Tribunal must go

c_waitangi-tribunal_1467452702_620X349_c_c_0_0.jpg

Hobson’s Pledge says that there is no longer any need for the Waitangi Tribunal. There are at least seven reasons why the Waitangi Tribunal should be abolished.

  1. A permanent, for-Maori-only complaint body creates a race fault line. This conflicts with an underlying simple principle that in a democracy like New Zealand all citizens must be treated the same under the law.
  2. The tribunal rewrites history. This re-written history that deplores wicked white colonisers for all manner of alleged crimes is posted on the Waitangi Tribunal website and is used as an indoctrination tool to convince us that “Maori” are owed an immense debt that can never be repaid.
  3. The tribunal is biased. By the early 1990s, the tribunal became advocates for claimants rather than independent assessors on the claims put before them. For instance, try to recall any instance in which the tribunal decided in favour of the Crown.
  4. Tribunal recommendations have undermined private property rights. The Treaty of Waitangi Act was amended in 1993. Amendment (4A) says “the tribunal shall not recommend … (a) the return to Maori ownership of any private land; or (b) the acquisition by the Crown of any private land.” Nevertheless, demands for the right to claim against private land persist.
  5. The tribunal was promoted as an avenue for Maori to air grievances rather than resorting to protest action. But protest has increased. Waitangi Day protests became an annual event. The size of protests have increased. The 1975 land march brought 5000 protestors to the steps of parliament, yet the 2004 foreshore and seabed hikoi brought 15,000 protestors.
  6. The tribunal has created a “gravy train”. The government employs more than 120 to operate the Waitangi Tribunal and Office of Treaty Settlements. Hearings are awash with lawyers, most on legal aid, which provided $79 million from 2006 to 2012. The 2008 “Treelords” settlement racked up $60 million in fees and expenses in the deal which transferred ownership of central North Island forests to eight tribes. The top-earning “treaty negotiator” pocketed $1.5 million for work on 20 settlements.
  7. The tribunal is used to extract benefits for tribal interests. Tribal opportunists will take a claim to the tribunal knowing they will get a favourable report. Next step is the High Court, the Appeal Court, and then the Supreme Court. Claimants will repeat their outrageous claim until it is seen as fact. The claim does not have to succeed. At any point the government could grant a concession to make the claim go away.

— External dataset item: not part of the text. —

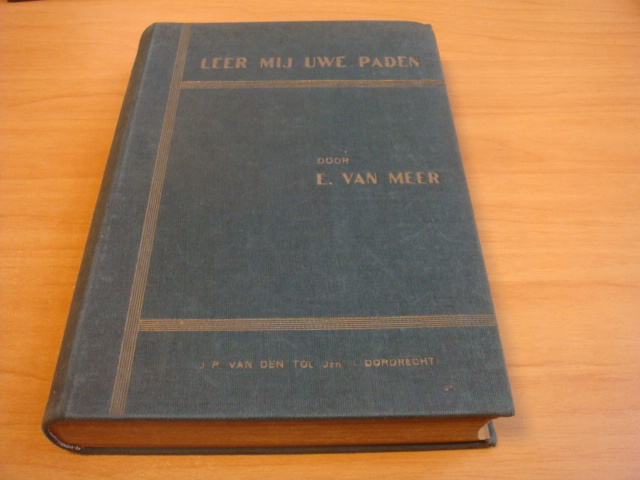 Meer, Ds.E. van - Leer mij Uwe paden (1945)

Dr Michael Bassett, himself a member of the Fourth Labour Government, one of New Zealand’s foremost historians, and a former member of the Waitangi Tribunal, noted in 2004 that: “It is surely time to re-examine the tribunal’s usefulness. The captivity of crusading historians and those who have built careers out of sowing, then farming, grievances, the current body has passed its sell-by date. There is enough evidence to settle all outstanding historical grievances quickly. That process should be completed. What the future relevance of the treaty might then be requires further public debate. That issue involves all of us, not just the Waitangi industry’s vested interests.” (1)

A Consumerlink email survey in 2012 showed that of the 1031 people who responded, 68 percent favoured abolition of the Waitangi Tribunal.

The Waitangi Tribunal could be abolished by repealing Sections 4 – 8 of the Treaty of Waitangi Act 1975. Any final historic settlements that are still in the pipeline could be negotiated directly with the Crown, which is often what is happening anyway.

Sources

  1. Time to ditch the tribunal, Dominion, September 14, 2004.